# Navruz-Özdemir quantile estimator

The Navruz-Özdemir quantile estimator suggests the following equation to estimate the $$p^\textrm{th}$$ quantile of sample $$X$$:

$\begin{split} \operatorname{NO}_p = & \Big( (3p-1)X_{(1)} + (2-3p)X_{(2)} - (1-p)X_{(3)} \Big) B_0 +\\ & +\sum_{i=1}^n \Big((1-p)B_{i-1}+pB_i\Big)X_{(i)} +\\ & +\Big( -pX_{(n-2)} + (3p-1)X_{(n-1)} + (2-3p)X_{(n)} \Big) B_n \end{split}$

where $$B_i = B(i; n, p)$$ is probability mass function of the binomial distribution $$B(n, p)$$, $$X_{(i)}$$ are order statistics of sample $$X$$.

In this post, I derive these equations following the paper “A new quantile estimator with weights based on a subsampling approach” (2020) by Gözde Navruz and A. Fırat Özdemir. Also, I add some additional explanations, simplify the final equation, and provide reference implementations in C# and R.

### Preparation

The first steps exactly match the preparation performed for the Sfakianakis-Verginis quantile estimator.

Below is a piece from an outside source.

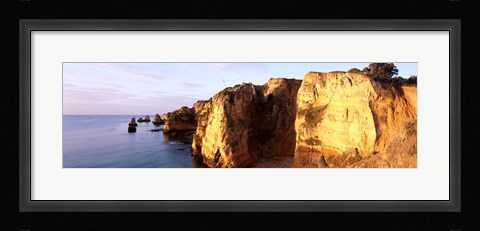 Framed Portugal, Algarve Region, coastline Print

Consider sample $$X = \{ X_1, X_2, \ldots, X_n \}$$ ($$n \geq 3$$). Let $$X_{(1)}, X_{(2)}, \ldots, X_{(n)}$$ be the order statistics of this sample ($$X_{(k)}$$ is the $$k^\textrm{th}$$ smallest element). Now let’s build the following intervals:

$S_0 = \big(L, X_{(1)} \big),\; S_1 = \big[X_{(1)}, X_{(2)} \big), \ldots, S_{n-1} = \big[X_{(n-1)},X_{n} \big),\; S_{(n)} = \big[X_{(n)}, U \big)$

where $$L$$ and $$U$$ are lower and upper bounds for $$X$$ values ($$L$$ and $$U$$ could be equal to $$-\infty$$ and $$\infty$$).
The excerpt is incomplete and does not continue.